Discovering weather periods and crop properties favorable for coffee rust incidence from feature selection approaches
Computers and Electronics in Agriculture, 176 : 11 p
Coffee Leaf Rust (CLR) is a disease that leads to considerable losses in the worldwide coffee industry; as those that have been reported recently in Colombia and Central America. The early detection of favorable conditions for epidemics could be used to improve decision making for the coffee grower and thus reduce the losses due to the disease. Researchers tried to predict the occurrence of the disease earlier through statistical and machine learning models from crop properties, disease indicators and weather conditions. These studies considered the impact of weather variables in a common period for all. Assuming that the dynamics of weather that most impact the development of the disease occur in the same time periods is simplistic. We propose an approach to discover the time period (window) for each weather variables and crop related features that most explain a future ob- served CLR incidence, in order to obtain a prediction model through machine learning. The selection of the variables more related with coffee rust incidence and rejection of the features with no significant contribution of information in machine learning tasks were approached from Feature Selection methods (Filter, Wrapper, Embedded). In this way, a CLR incidence prediction model based on the features with the greatest impact on the development of the disease was obtained.

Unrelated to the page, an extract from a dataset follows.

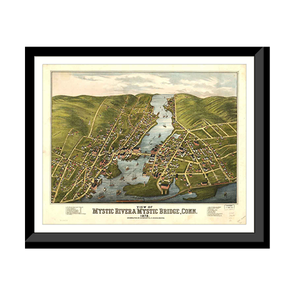 Panoramic Map - Mystic River, Connecticut, 1879 - Bird's Eye View Print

Moreover, the use of SHapley Additive exPlanations allowed us to identify the impact of features in the model prediction. The monitoring of coffee rust incidence is the most important predictor, since it provides information about current inoculum and this determines how much can the incidence grow or decrease. Temperature is a determining driver for germination and penetration phases in days 9 to 6 and 4 to 1 before the date of prediction. Additionally, the amount of rain determines whether uredospore dispersal or washing conditions occurred. The mean absolute error expected in the model is 6.94% of incidence, trained with XGBoost algorithm and the dataset reduced by Embedded method. The estimation of the disease incidence 28 days later can be used to improve decision making in control and nutrition practices.